Chest Xrays - my model is consistently predicting only one class for all the data

I am trying to make a binary classification for a dataset of >100,000 chest xrays.

I started off modifying the dataframe so it’s just the index and whether the xray contains consolidation (fluid in the lungs). And then removed the last 7000 rows from the df to use as my test set.

I ended up with around 30000 images that had consolidation and 80000 that didn’t have. (72% without)

When I run learn.fit it’s giving me an accuracy of 0.72, essentially exactly the accuracy you’d get if you predicted every image as not having consolidation.

From searching the forum I’ve tried:

  • making sure training data is randomized with shuffle = True
  • reducing the learning rate
  • unfreezing
  • having a 50/50 split between consolidation and no consolidation (ended up with a 0.5 accuracy)

I hope I’ve explained that sufficiently, my understanding of what I’m doing is somewhat tenuous at the moment!

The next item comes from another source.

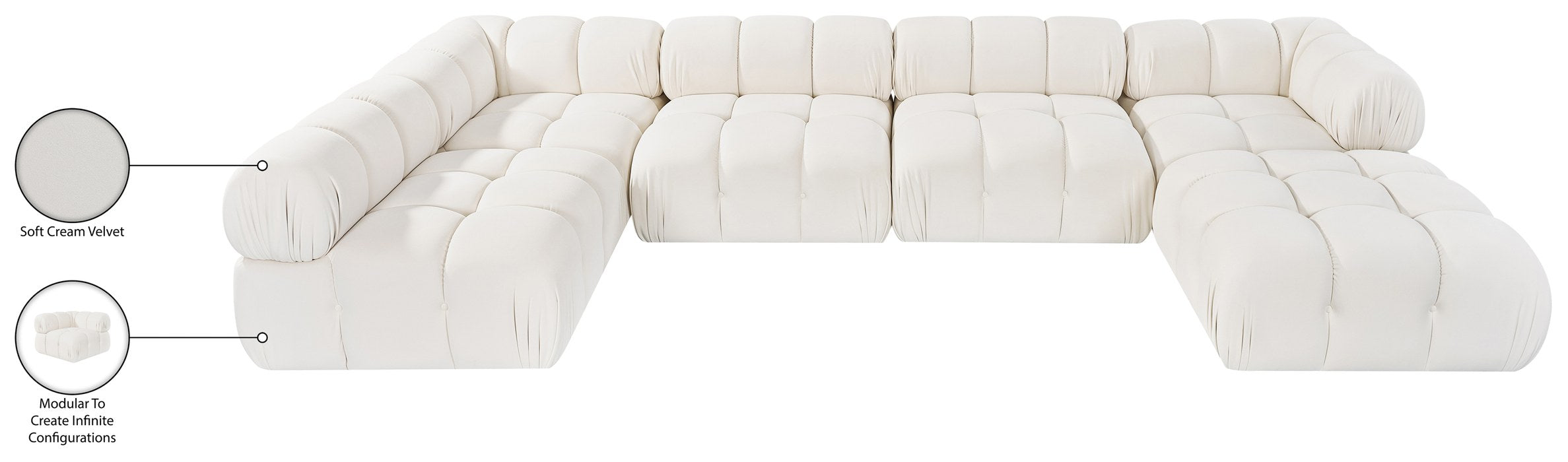 Meridian Furniture - Orin Cream Velvet Performance Fabric Upholstered 6 pc. Sectional - 671Cream-Sec6E - GreatFurnitureDeal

Can anyone help me understand what I’m doing wrong?
Thanks!

This is expected when there is 90+% in one class but unexpected here. I don’t think you’re doing anything wrong but you can try 2 things

  1. Try to get the roc_auc_score or log loss. You can also predict the probability of consolidation using the model you have trained; use pandas qcut to bin the probability into 10 equal size bins and check the distribution of consolidation vs no-consolidation in the bins. This should give a better idea of model performance than accuracy.
  2. Change the target metric from accuracy to either roc_auc or log_loss to measure learning during training.

I have no experience with medical images but does 64 seem like a small size to train the model?

1 Like

I think the first thing to be said here is that you’re talking about images that are very different from ImageNet.

Not only are the pictures 64x64 (assumption from what you set the size to), but they are of something that is not in ImageNet.

The network you’re using is being pretrained on pictures of things people take pictures of in everyday life (dogs, cats, people) not medical imaging.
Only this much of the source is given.